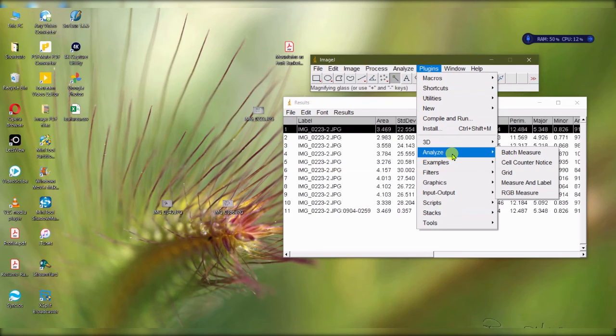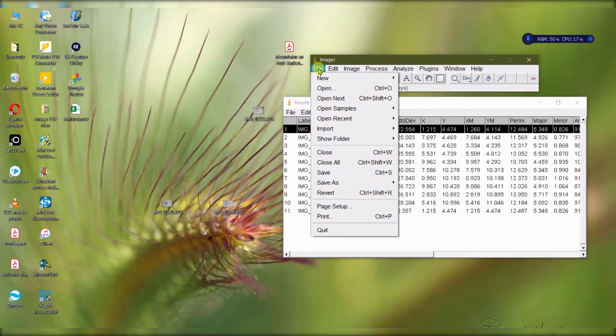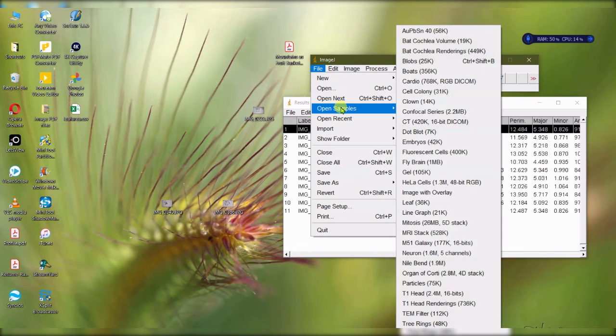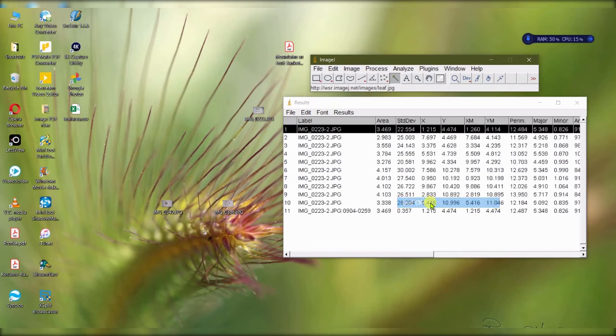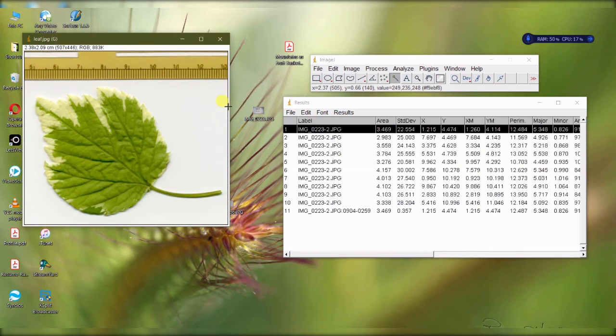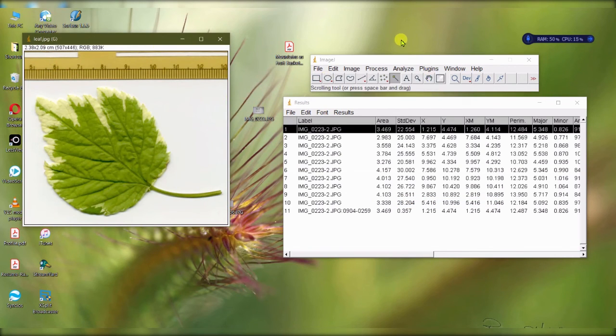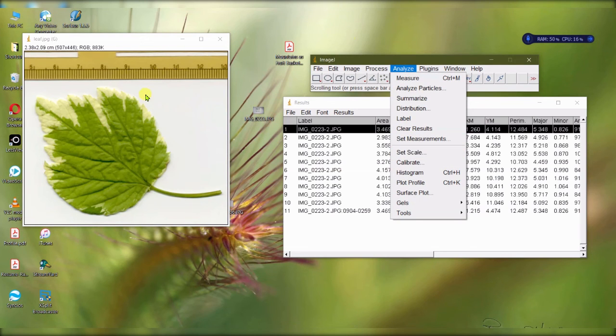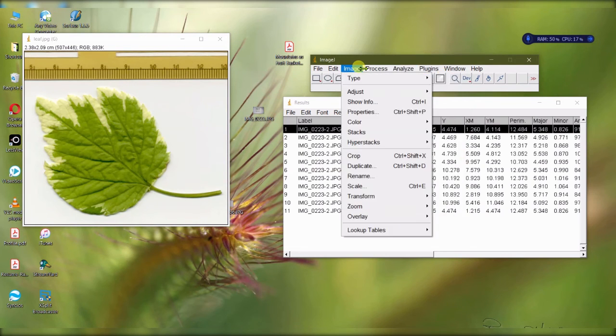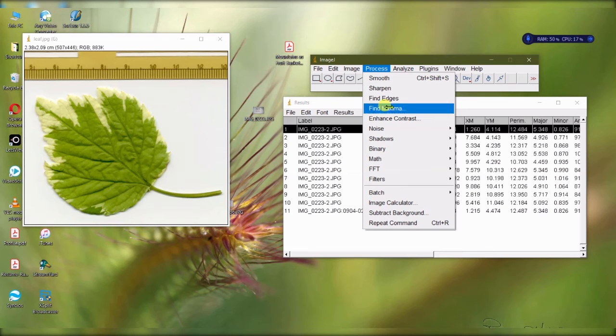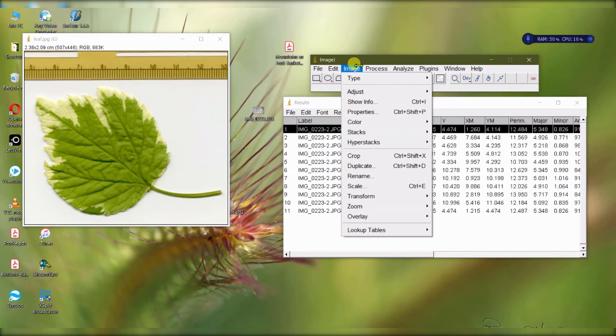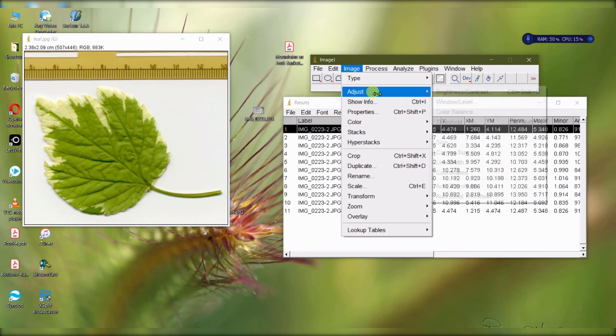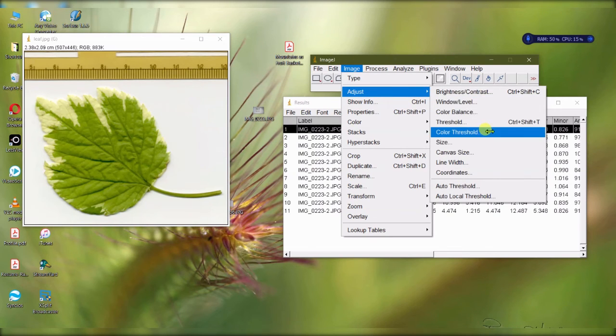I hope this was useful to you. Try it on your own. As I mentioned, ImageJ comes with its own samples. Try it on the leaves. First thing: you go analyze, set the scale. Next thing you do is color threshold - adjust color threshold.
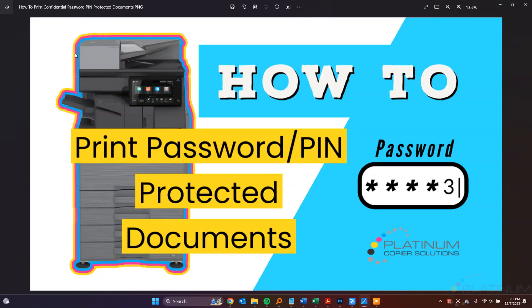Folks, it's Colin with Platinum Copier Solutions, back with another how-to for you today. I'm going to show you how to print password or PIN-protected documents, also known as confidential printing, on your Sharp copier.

───

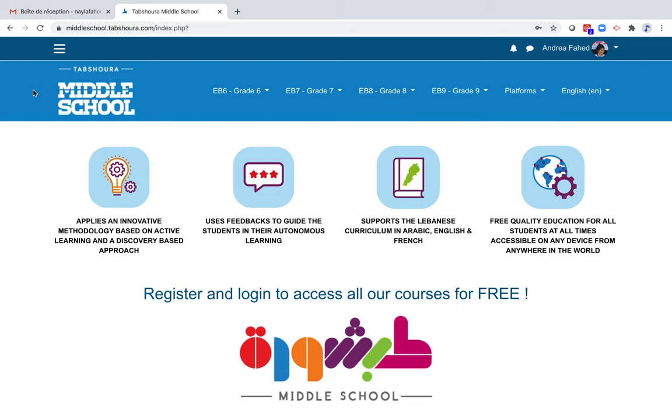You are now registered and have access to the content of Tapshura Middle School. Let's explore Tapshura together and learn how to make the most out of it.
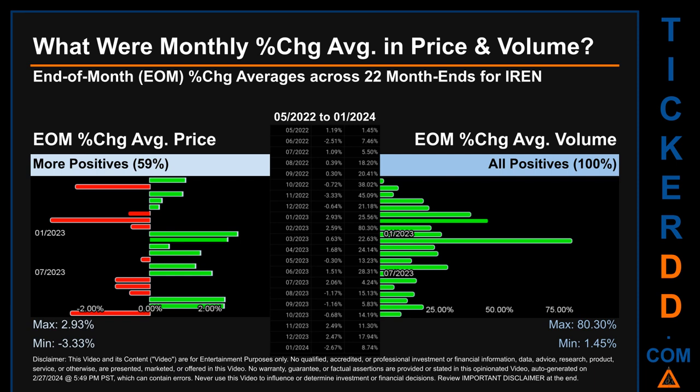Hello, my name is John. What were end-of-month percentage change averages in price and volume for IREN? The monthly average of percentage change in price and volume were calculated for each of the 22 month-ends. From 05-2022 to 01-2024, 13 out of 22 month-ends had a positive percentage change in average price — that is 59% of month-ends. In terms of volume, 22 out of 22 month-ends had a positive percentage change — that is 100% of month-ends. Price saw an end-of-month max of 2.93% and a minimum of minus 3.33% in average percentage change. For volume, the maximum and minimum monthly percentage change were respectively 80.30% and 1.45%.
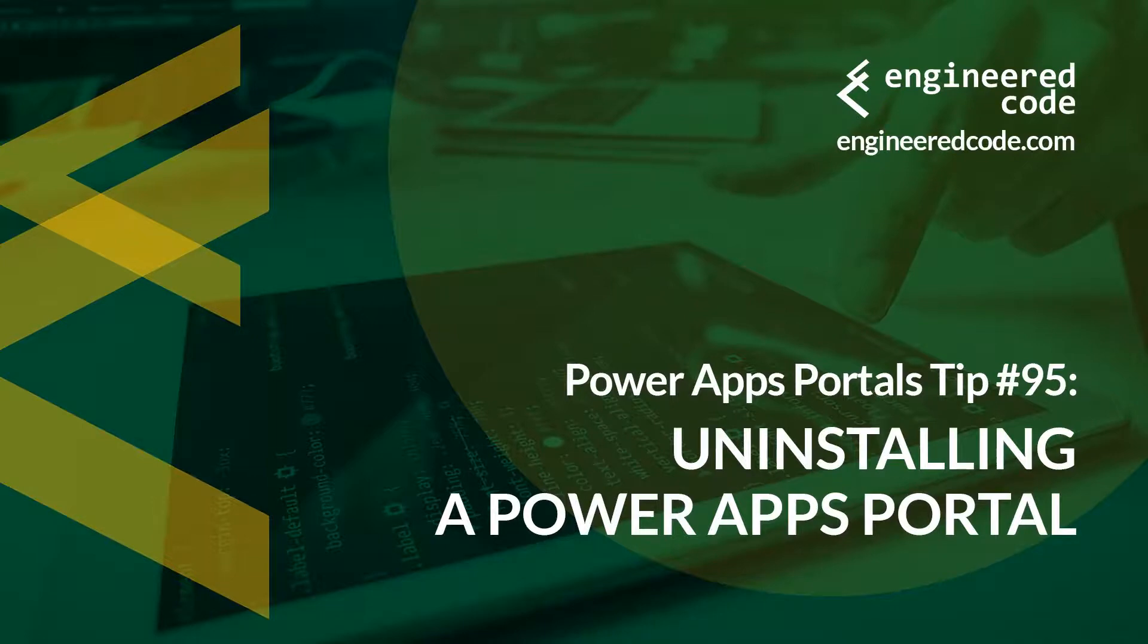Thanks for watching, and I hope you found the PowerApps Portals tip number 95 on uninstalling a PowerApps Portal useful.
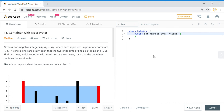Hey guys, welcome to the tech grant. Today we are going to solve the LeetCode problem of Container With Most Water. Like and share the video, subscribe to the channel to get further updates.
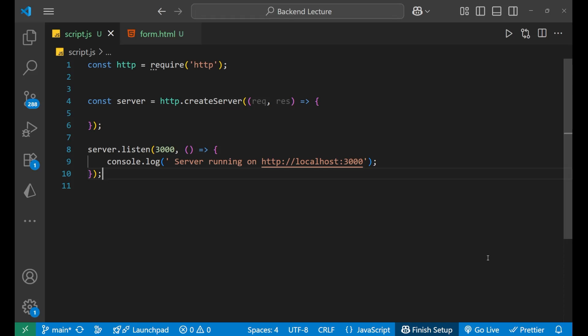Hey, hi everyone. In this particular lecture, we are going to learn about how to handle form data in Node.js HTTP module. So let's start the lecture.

───

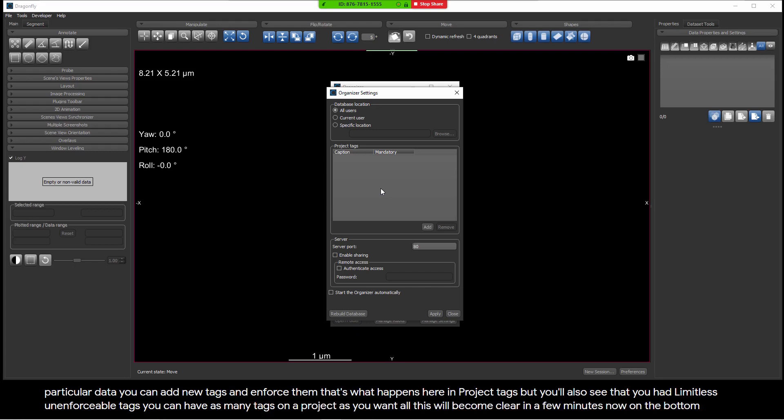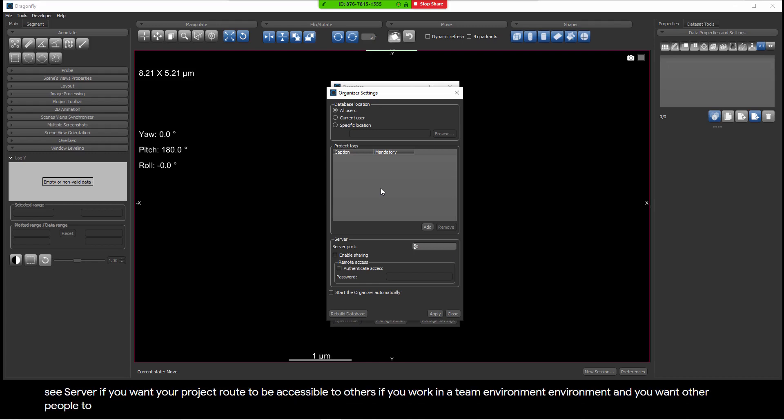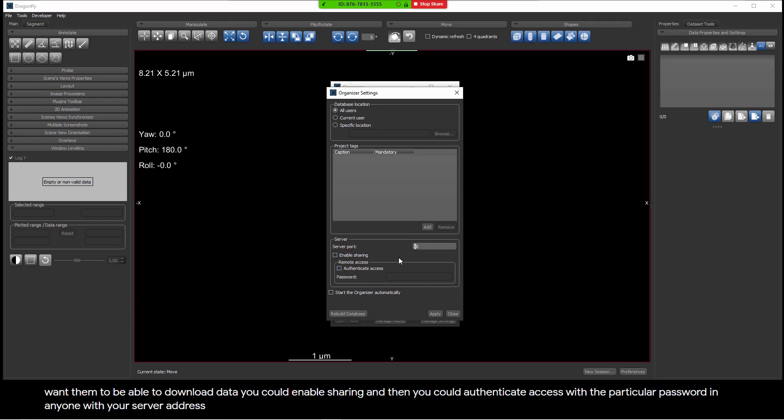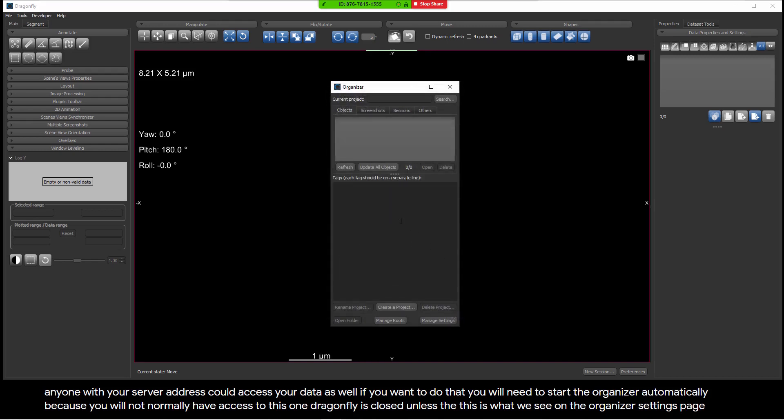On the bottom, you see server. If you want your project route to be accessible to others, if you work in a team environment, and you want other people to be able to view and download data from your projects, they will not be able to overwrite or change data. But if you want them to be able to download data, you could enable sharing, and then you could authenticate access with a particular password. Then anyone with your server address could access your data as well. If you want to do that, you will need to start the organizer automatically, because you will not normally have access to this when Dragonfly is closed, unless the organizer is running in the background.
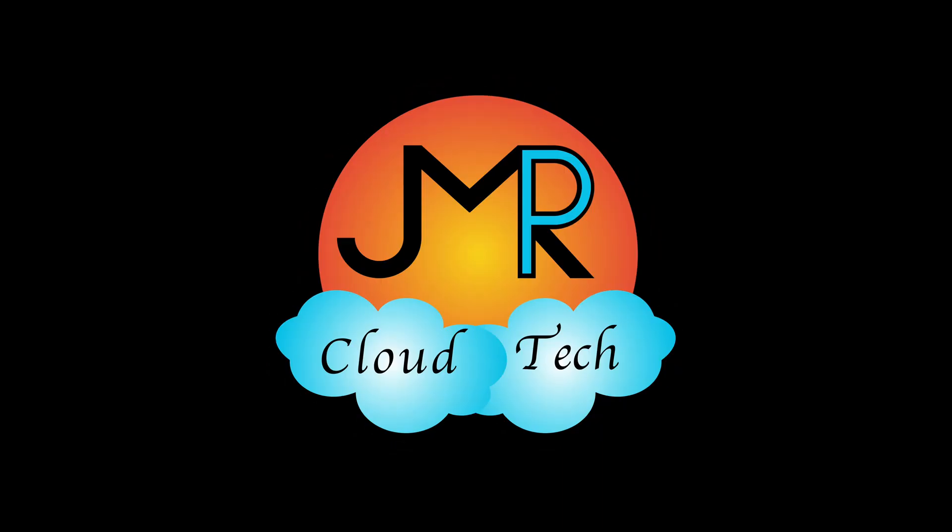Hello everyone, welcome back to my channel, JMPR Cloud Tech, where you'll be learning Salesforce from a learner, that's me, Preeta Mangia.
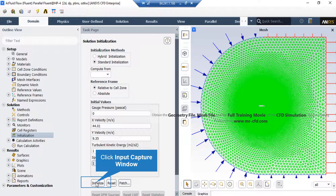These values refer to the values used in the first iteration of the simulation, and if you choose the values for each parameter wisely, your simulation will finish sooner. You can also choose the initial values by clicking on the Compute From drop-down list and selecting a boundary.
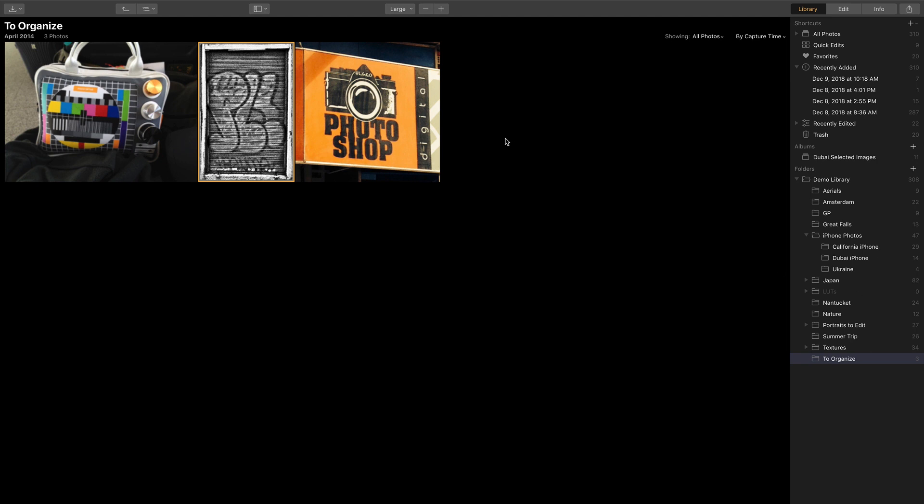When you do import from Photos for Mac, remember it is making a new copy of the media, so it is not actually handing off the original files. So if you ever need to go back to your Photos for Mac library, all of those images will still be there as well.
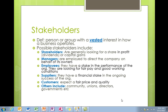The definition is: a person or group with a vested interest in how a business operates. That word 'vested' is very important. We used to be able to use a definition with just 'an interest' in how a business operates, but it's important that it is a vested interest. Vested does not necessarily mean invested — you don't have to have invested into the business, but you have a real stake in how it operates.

───

Problem to work on » From the listing above, restate verbatim the lines running from the one with "Hello everyone, welcome" through the one with "When you do", inclusive, but not the pictures.

Exercise solution »
Hello everyone, welcome back to my channel, JMPR Cloud Tech, where you'll be learning Salesforce from a learner, that's me, Preeta Mangia.
These values refer to the values used in the first iteration of the simulation, and if you choose the values for each parameter wisely, your simulation will finish sooner. You can also choose the initial values by clicking on the Compute From drop-down list and selecting a boundary.
When you do import from Photos for Mac, remember it is making a new copy of the media, so it is not actually handing off the original files. So if you ever need to go back to your Photos for Mac library, all of those images will still be there as well.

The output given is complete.